## Records
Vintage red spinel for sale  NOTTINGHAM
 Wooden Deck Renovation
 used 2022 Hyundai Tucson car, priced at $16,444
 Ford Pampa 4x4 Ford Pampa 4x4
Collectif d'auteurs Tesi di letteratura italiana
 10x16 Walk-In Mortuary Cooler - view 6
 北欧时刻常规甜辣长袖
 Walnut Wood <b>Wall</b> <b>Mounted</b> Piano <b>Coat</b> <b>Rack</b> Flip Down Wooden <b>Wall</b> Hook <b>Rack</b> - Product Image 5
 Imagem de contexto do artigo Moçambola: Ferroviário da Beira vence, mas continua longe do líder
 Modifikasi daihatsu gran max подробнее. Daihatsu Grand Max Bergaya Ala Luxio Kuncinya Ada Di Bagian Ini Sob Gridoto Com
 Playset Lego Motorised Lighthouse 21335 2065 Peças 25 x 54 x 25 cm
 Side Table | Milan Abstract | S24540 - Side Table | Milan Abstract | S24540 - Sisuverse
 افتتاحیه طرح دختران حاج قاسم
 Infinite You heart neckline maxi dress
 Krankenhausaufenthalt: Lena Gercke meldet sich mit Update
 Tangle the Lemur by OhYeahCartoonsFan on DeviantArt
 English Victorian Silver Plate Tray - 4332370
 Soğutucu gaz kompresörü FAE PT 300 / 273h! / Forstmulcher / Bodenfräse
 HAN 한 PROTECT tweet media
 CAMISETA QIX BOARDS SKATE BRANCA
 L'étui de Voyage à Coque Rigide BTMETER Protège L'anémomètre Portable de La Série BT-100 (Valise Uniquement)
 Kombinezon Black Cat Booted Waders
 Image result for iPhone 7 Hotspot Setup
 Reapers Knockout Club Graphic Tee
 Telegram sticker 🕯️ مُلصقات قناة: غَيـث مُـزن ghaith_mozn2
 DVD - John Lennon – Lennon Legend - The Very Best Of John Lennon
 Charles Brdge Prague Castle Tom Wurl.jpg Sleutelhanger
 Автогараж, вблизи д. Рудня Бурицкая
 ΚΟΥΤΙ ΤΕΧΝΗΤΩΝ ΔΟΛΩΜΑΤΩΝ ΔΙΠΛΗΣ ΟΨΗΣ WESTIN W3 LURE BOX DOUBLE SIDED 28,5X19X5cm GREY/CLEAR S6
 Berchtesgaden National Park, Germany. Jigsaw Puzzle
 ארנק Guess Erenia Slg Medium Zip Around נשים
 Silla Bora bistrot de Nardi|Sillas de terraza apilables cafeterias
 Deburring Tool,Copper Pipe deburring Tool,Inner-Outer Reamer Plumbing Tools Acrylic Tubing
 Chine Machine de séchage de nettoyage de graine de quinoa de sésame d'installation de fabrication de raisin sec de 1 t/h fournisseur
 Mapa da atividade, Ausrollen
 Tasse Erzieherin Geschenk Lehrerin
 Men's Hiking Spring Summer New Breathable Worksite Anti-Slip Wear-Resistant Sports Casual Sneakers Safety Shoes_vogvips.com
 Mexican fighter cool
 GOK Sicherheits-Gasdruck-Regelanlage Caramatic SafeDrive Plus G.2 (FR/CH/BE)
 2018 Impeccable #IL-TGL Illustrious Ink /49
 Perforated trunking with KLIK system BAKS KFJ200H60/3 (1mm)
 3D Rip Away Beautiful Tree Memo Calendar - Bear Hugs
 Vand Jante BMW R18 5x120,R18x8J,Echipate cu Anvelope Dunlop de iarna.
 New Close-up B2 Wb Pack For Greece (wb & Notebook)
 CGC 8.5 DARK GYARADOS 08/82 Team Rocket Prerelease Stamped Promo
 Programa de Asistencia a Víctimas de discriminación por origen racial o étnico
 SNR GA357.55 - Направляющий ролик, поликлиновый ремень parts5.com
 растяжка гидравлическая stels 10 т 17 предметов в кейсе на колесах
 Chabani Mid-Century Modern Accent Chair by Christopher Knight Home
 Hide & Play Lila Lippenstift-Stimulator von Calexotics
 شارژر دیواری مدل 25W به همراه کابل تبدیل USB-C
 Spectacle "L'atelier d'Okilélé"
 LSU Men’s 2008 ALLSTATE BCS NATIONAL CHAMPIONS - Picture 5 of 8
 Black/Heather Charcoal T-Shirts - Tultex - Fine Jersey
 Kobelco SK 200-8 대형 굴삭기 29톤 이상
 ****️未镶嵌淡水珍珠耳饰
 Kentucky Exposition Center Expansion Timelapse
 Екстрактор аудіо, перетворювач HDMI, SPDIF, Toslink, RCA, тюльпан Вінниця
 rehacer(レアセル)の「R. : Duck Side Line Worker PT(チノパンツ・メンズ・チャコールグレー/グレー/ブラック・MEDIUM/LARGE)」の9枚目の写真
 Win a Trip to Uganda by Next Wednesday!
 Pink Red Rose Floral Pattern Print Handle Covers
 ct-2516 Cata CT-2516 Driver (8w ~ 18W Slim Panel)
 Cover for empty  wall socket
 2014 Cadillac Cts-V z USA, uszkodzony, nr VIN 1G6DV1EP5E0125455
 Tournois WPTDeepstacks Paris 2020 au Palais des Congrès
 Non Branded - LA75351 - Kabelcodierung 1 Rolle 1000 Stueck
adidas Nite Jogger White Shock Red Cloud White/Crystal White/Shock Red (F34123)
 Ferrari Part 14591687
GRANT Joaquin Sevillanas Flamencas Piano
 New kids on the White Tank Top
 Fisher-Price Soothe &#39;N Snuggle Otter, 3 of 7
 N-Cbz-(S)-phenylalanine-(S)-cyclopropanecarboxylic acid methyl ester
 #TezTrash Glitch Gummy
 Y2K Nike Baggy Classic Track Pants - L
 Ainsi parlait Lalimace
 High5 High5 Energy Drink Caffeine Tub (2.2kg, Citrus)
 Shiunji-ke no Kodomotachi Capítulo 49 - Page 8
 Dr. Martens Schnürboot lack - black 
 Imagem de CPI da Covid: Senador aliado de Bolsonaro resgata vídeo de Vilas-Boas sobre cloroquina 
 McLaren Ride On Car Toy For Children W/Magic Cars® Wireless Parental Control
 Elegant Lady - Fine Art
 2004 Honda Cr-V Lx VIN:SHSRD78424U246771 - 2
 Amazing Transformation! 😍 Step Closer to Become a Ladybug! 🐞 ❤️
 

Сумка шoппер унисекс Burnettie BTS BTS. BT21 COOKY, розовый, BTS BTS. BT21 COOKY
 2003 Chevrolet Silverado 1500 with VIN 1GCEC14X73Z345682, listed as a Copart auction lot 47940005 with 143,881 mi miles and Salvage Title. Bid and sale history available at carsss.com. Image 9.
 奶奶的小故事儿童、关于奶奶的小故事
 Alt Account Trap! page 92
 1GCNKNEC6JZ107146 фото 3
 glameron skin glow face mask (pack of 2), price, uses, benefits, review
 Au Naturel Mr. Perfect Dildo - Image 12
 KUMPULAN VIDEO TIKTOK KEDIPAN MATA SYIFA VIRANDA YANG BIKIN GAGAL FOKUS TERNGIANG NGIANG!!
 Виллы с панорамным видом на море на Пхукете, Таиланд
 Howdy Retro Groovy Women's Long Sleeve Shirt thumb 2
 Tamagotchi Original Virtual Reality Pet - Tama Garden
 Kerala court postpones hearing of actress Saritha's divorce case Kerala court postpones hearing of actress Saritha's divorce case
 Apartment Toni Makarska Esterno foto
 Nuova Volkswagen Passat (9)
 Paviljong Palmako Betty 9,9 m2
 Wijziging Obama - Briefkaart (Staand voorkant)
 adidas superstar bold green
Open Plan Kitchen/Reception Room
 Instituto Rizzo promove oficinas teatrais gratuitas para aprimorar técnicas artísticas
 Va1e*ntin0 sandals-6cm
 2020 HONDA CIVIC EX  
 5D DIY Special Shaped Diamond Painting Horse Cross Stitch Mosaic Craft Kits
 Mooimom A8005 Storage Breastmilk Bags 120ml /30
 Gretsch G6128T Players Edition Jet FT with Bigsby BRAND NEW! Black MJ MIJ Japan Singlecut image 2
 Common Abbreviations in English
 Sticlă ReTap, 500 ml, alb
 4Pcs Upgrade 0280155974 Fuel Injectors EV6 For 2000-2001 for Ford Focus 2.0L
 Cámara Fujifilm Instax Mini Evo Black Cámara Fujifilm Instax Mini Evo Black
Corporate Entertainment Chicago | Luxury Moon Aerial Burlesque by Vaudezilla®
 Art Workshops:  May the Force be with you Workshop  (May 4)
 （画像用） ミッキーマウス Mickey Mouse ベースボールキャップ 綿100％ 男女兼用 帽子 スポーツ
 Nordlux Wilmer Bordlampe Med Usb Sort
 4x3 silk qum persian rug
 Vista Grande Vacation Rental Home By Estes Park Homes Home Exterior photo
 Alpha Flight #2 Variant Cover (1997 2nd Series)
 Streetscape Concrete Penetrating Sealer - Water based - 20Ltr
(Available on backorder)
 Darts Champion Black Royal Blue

## Goal of the exercise
All lines above from the one containing "Tamagotchi Original Virtual" to the one containing "Alpha Flight #2" must be repeated exactly, both lines included, and no others.

## Answer space
 Tamagotchi Original Virtual Reality Pet - Tama Garden
 Kerala court postpones hearing of actress Saritha's divorce case Kerala court postpones hearing of actress Saritha's divorce case
 Apartment Toni Makarska Esterno foto
 Nuova Volkswagen Passat (9)
 Paviljong Palmako Betty 9,9 m2
 Wijziging Obama - Briefkaart (Staand voorkant)
 adidas superstar bold green
Open Plan Kitchen/Reception Room
 Instituto Rizzo promove oficinas teatrais gratuitas para aprimorar técnicas artísticas
 Va1e*ntin0 sandals-6cm
 2020 HONDA CIVIC EX  
 5D DIY Special Shaped Diamond Painting Horse Cross Stitch Mosaic Craft Kits
 Mooimom A8005 Storage Breastmilk Bags 120ml /30
 Gretsch G6128T Players Edition Jet FT with Bigsby BRAND NEW! Black MJ MIJ Japan Singlecut image 2
 Common Abbreviations in English
 Sticlă ReTap, 500 ml, alb
 4Pcs Upgrade 0280155974 Fuel Injectors EV6 For 2000-2001 for Ford Focus 2.0L
 Cámara Fujifilm Instax Mini Evo Black Cámara Fujifilm Instax Mini Evo Black
Corporate Entertainment Chicago | Luxury Moon Aerial Burlesque by Vaudezilla®
 Art Workshops:  May the Force be with you Workshop  (May 4)
 （画像用） ミッキーマウス Mickey Mouse ベースボールキャップ 綿100％ 男女兼用 帽子 スポーツ
 Nordlux Wilmer Bordlampe Med Usb Sort
 4x3 silk qum persian rug
 Vista Grande Vacation Rental Home By Estes Park Homes Home Exterior photo
 Alpha Flight #2 Variant Cover (1997 2nd Series)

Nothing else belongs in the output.